• **Task to complete**
Look through the records below for the line holding "I Love Math". Write it out exactly, with each following line through the line holding "Miniatura 6 de".

• **Given records**
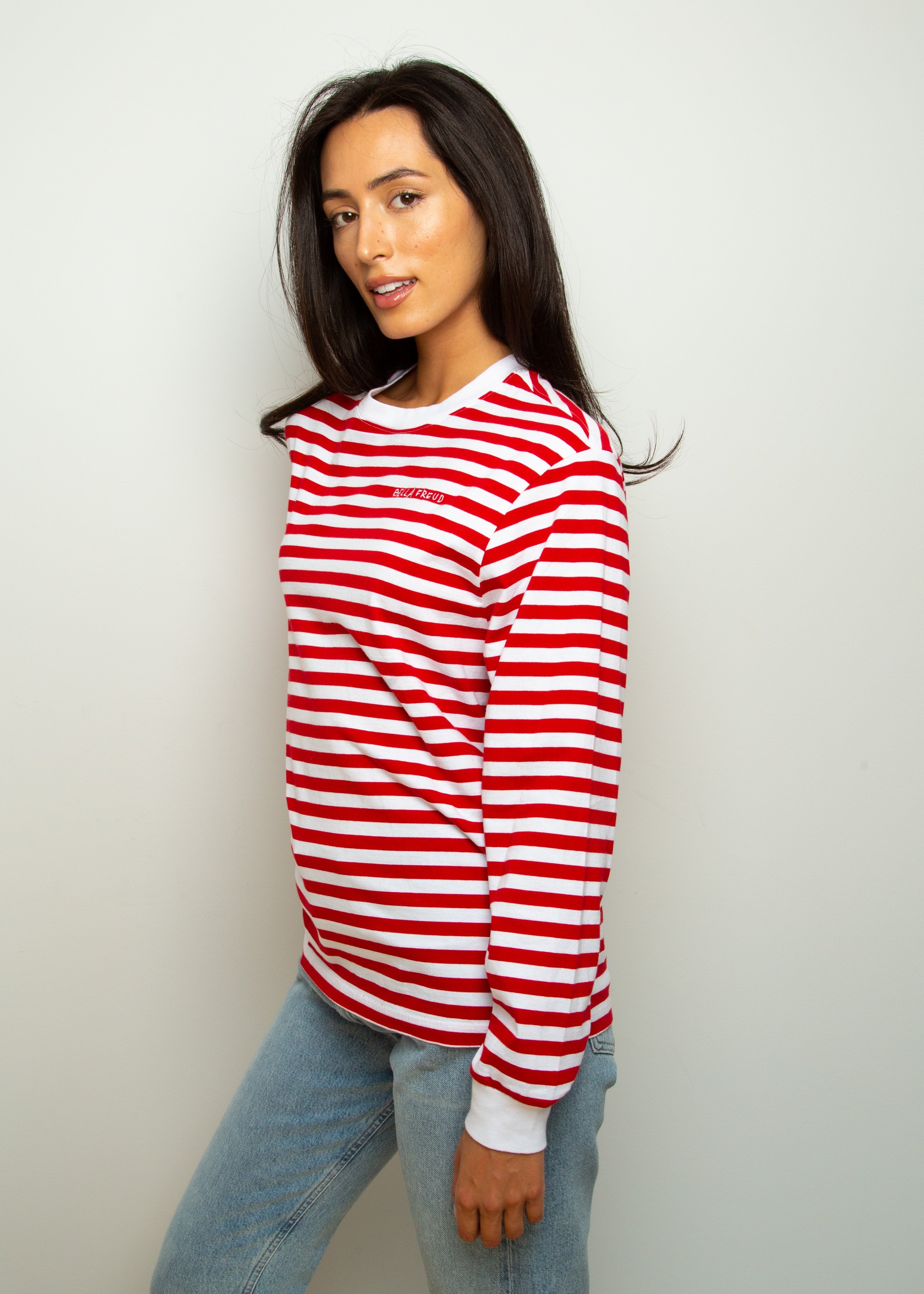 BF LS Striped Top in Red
==
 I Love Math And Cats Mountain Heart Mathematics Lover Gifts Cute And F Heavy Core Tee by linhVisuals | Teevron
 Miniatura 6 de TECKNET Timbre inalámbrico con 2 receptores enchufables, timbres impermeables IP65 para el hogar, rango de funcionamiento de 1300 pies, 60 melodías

• **Exercise solution**
 I Love Math And Cats Mountain Heart Mathematics Lover Gifts Cute And F Heavy Core Tee by linhVisuals | Teevron
 Miniatura 6 de TECKNET Timbre inalámbrico con 2 receptores enchufables, timbres impermeables IP65 para el hogar, rango de funcionamiento de 1300 pies, 60 melodías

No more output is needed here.